All of us are inclined from time to time from the bottom of our hearts to eat up goodies at the festive table or, by chance, to pluck a whole box of cookies into a fascinating film. There is nothing reprehensible and alarming if such a habit, of course, is not regular and poorly controlled. Otherwise, we can talk about one of the violations of food consumption – compulsive overeating.
“More women and men suffer from compulsive overeating than from bulimia and anorexia”
Compulsive overeating – what is it?
Compulsive overeating is the unreasonable, uncontrolled eating of food in large quantities in one (lasting several hours), several times, or throughout the day. Food absorption can occur, both against the background of brutal, not stopping appetite, and satiety. At the same time, a feeling of fullness does not occur, and a person does not receive satisfaction from food.
Compulsive Overeating – Causes
The reasons can be divided into three types:
- Psychological. Depressive states and stressful situations often lead to overeating. They can arise, both from a single traumatic agent (loss of a loved one, work, habitual lifestyle), so permanent, multiple: this also includes social reasons – ridicule of others, nit-picking from relatives, low self-esteem, feelings of loneliness and dissatisfaction.
2. Biological Failure in the work of the hypothalamus, which controls appetite – this area, located in the diencephalon, at some point begins to send incorrect signals about our feelings of hunger and satiety. Also, in the course of the research, a genetic mutation was discovered, which (so far according to unconfirmed data) can cause food dependence. And, finally, according to some evidence, overeating is an insufficient level of the “hormone of happiness and good mood” – serotonin.
3. Social. How often children are persuaded to eat lunch by subsequent rewards in the form of watching cartoons, going to an amusement park, etc. Food, even when the child is already full and refuses the last few spoons of soup, begins to be associated with subsequent pleasure. Conversely, food can begin to serve as a way to seize negative emotions: criticism, unflattering remarks about appearance, etc.
Symptoms of Compulsive Overeating
It is believed that one of the signs of food dependence – gluttony, is overweight and even obesity. However, this is not quite true. A “professional” eater can have quite an ordinary weight. Therefore, you should pay attention to other symptoms. They can be divided into behavioral and emotional.
- Lack of satiety and continued nutrition during satiety.
- A person is not able to control the food process and break away from it.
- Food is consumed in large quantities and quickly, without the accompanying pleasure of its taste.
- Secret food, alone, hidden, so that no one would see gluttony.
- Despite the fact that the process of eating food frees a person from stress, a sense of satisfaction does not occur.
- Shame, guilt, anger, despair from the amount eaten, and the inability to control. Which immediately need to be seized again.
- The feeling of autopilot during bouts of gluttony.
Compulsive overeating – how to fight on your own
It is more difficult to get rid of compulsive overeating than other types of addiction.
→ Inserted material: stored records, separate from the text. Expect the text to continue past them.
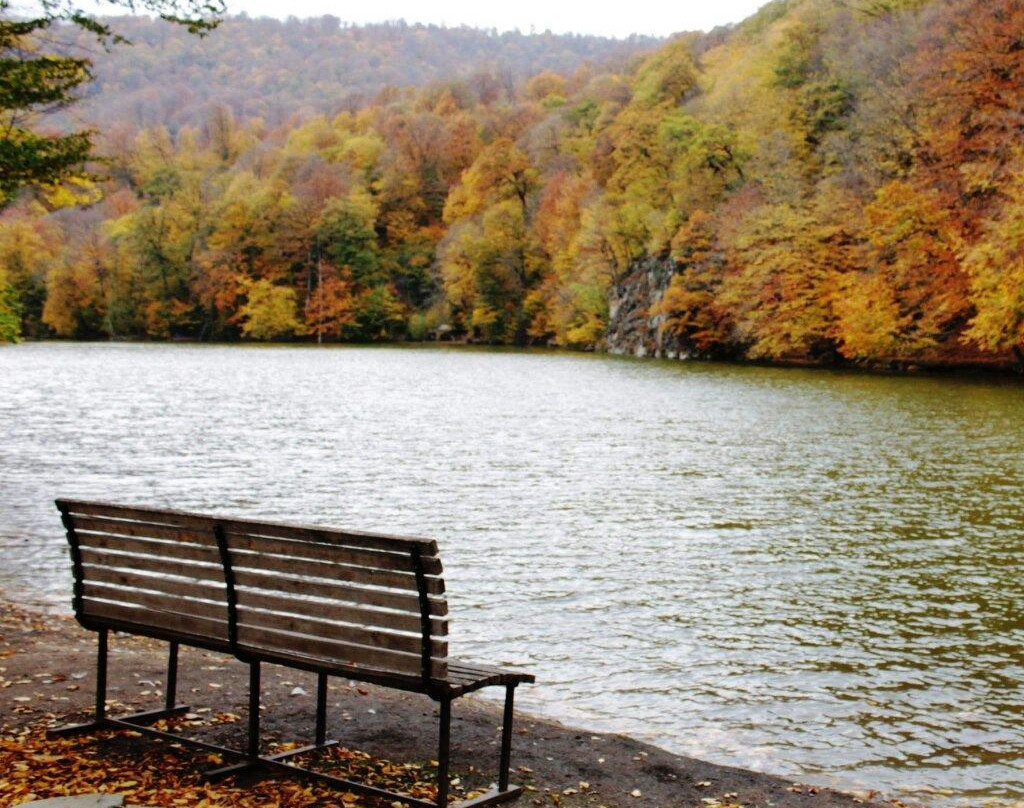 Lake Parz-Dilijan必去景点
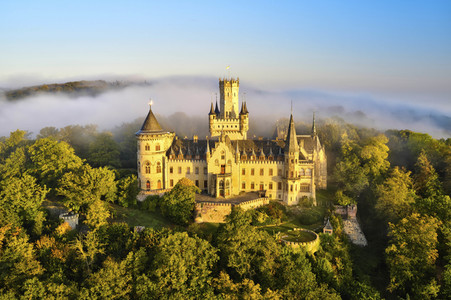 Schloss Marienburg bei Nordstemmen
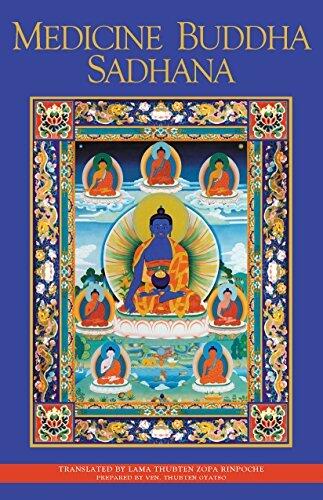 Medicine Buddha Sadhana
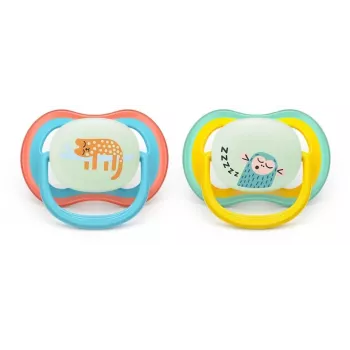 Philips Avent Ultra Air Night duda 18m+ neutral 2 kom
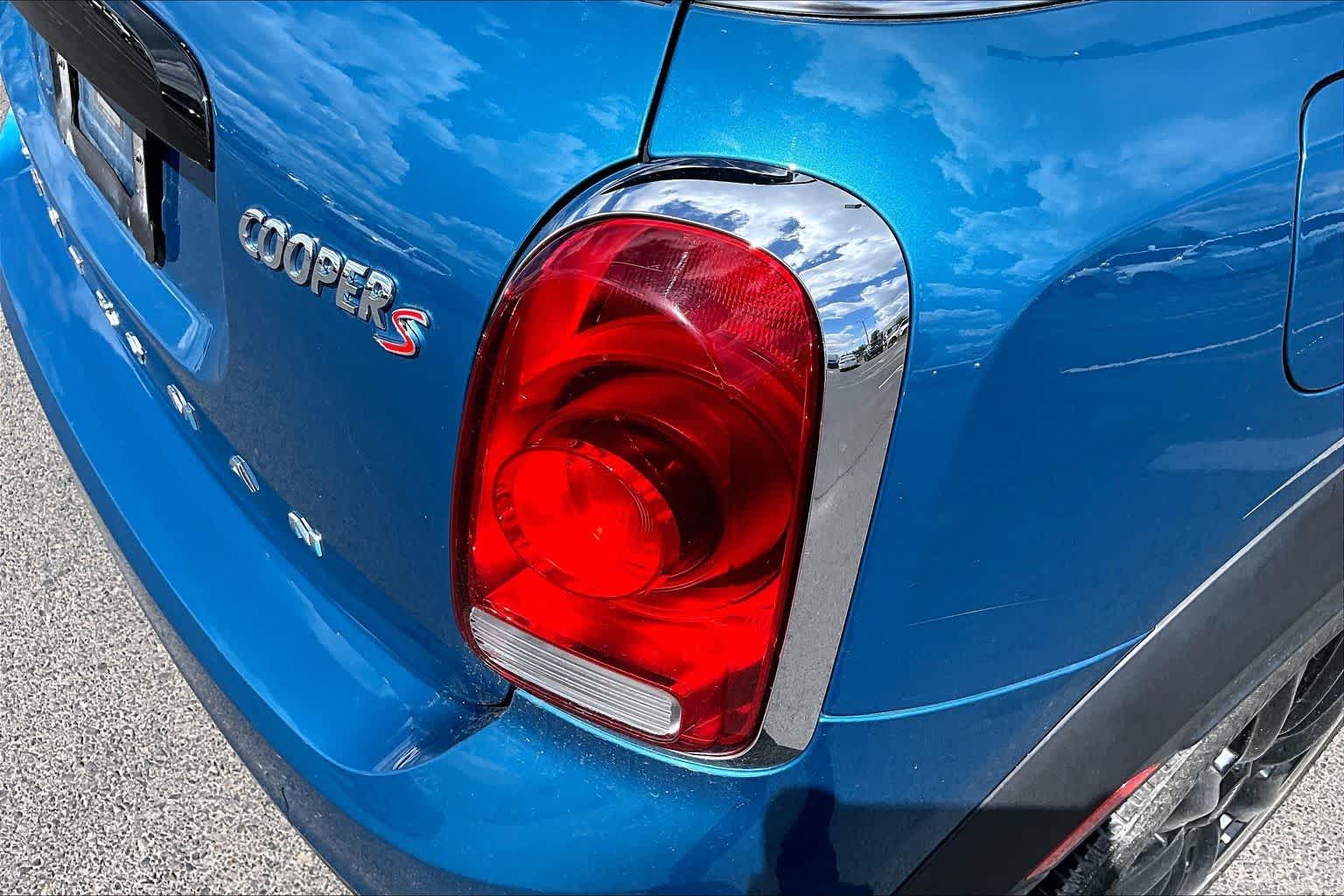 2018 MINI Countryman Cooper S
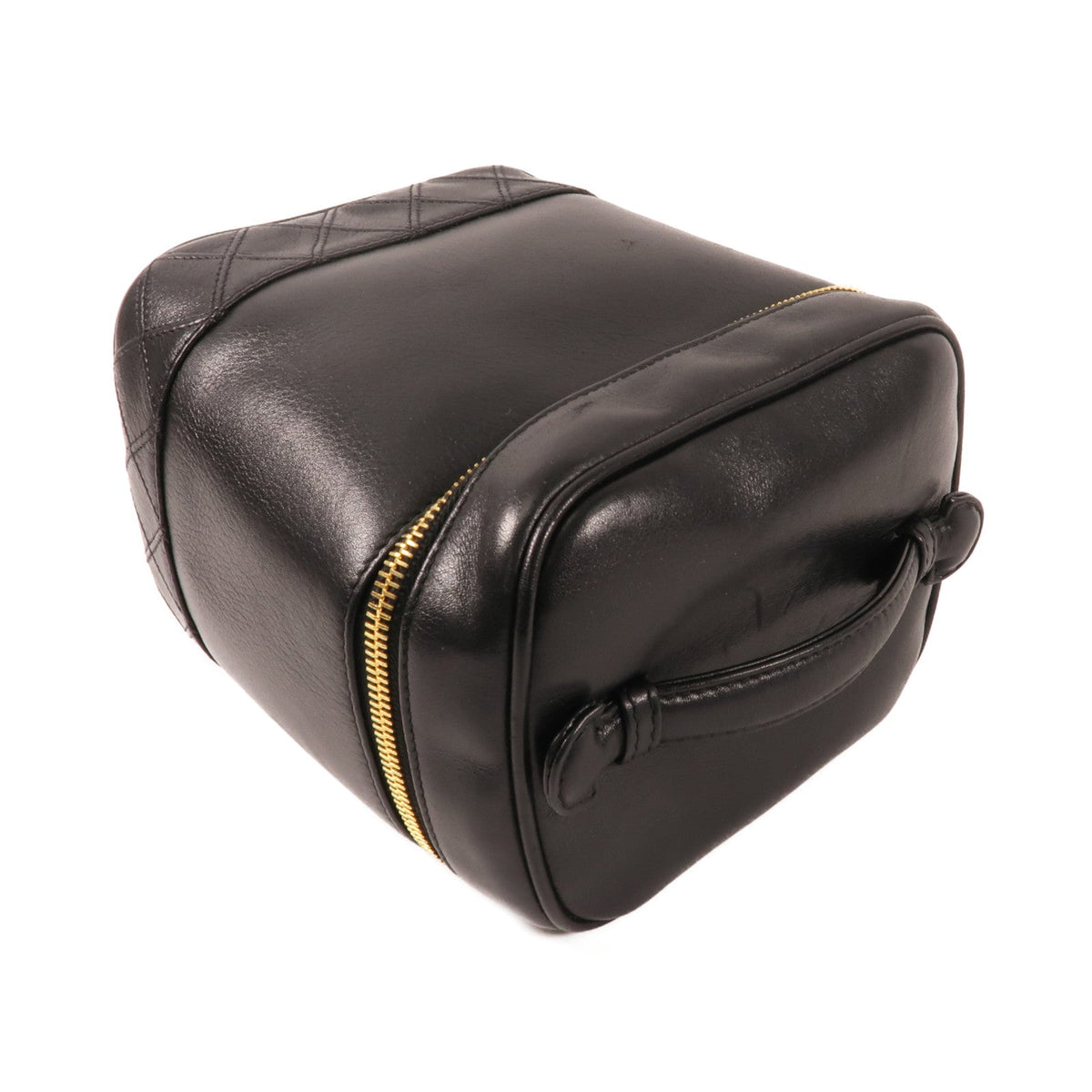 Chanel Vintage Vanity · Lambskin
Unlike the same alcohol or drugs, you need food and you can’t avoid eating it. How to deal with overeating on your own? Try to establish the right attitude to healthy food: stop eating, if and when it is based on an emotional reason.
“We eat to live, not live to eat”
To stop compulsive overeating will help to compile a list of healthy foods and balanced minerals and vitamins food, a clear plan, and diet, with their strict implementation.
Compulsive Nutrition – How to Treat
Compulsive overeating is best treated with professional support. It is necessary to identify and eliminate the underlying causes of this food dependence. It can be psychoanalytic therapy and group exercises. The therapist will teach you how to control factors that encourage excessive eating, how to manage negative emotions, and how to deal with stressful situations. Types of psychotherapy such as cognitive, behavioral, and hypnosis are considered the most effective.
As for the use of medicines, they are not used independently, but only as part of a psycho-therapeutic treatment program. Antidepressants and appetite suppressants work while they are being taken, but do not cure. The results of the studies show a large number of relapses after drug withdrawal.